On Monday, lawmakers in the Domincan Republic voted overwhelmingly in favor of a Penal Code that carries on the Carribean nation’s ban on abortion. The bill passed the Chamber of Deputies easily, with a final vote of 132-6, but still must clear the Senate and the desk of President Danilo Medina, who has recently refused to sign similar legislation.
Based on a current law first enacted in 1884, abortion is currently illegal in all cases in the Dominican Republic, although supporters of the ban claim that no one has ever been charged or convicted for abortions carried out strictly to save the life of the mother.
Fidel Lorenzo, president of the Dominican Evangelical Unity Council, celebrated the decision from legislators: “It’s a significant step taken by the country. We have a code in keeping with the times after more than 15 years of struggles and defending the culture of protection of life.”

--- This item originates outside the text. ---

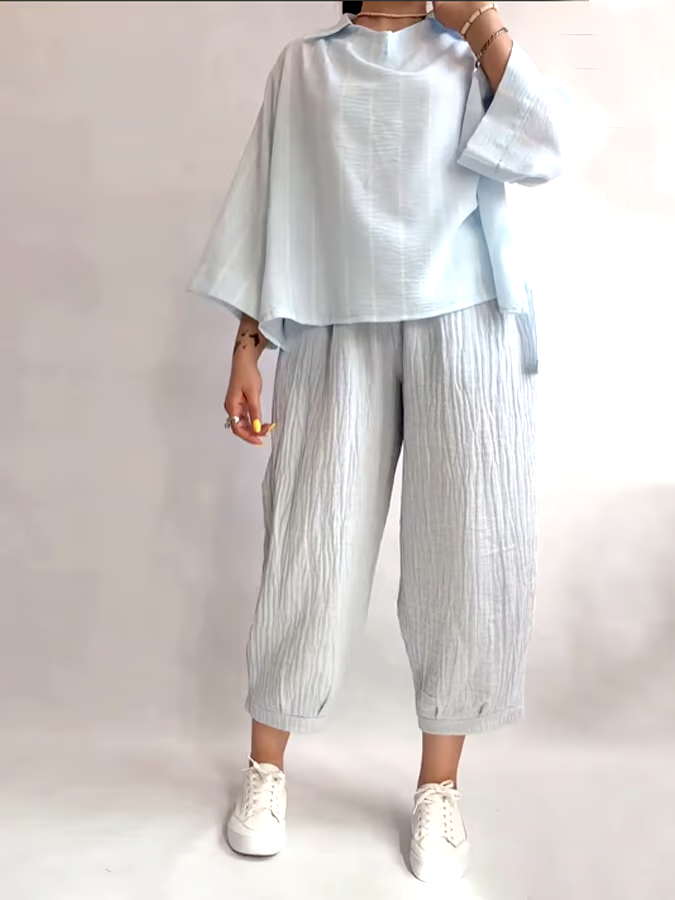 Women's Casual Striped Lapel Top and Pleated Pants Set Women's Casual Striped Lapel Top and Pleated Pants Set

Father Manuel Ruiz, a Catholic leader, said that if the bill succeeds in clearing the Senate and getting Medina’s signature, “It would be cause for joy.”
In 2010, Medina refused to sign a Penal Code which carried on the abortion ban unless abortion exceptions were added for several scenarios including rape, incest, and unborn children with disabilities. The dispute continued all the way to the nation’s constitutional court, which ruled at the end of last year that Medina’s demands violated the constitutional recognition of the rights of the unborn.
Until a new Penal Code is passed into law, the old code remains the law. And under the old code, abortion is illegal in all cases.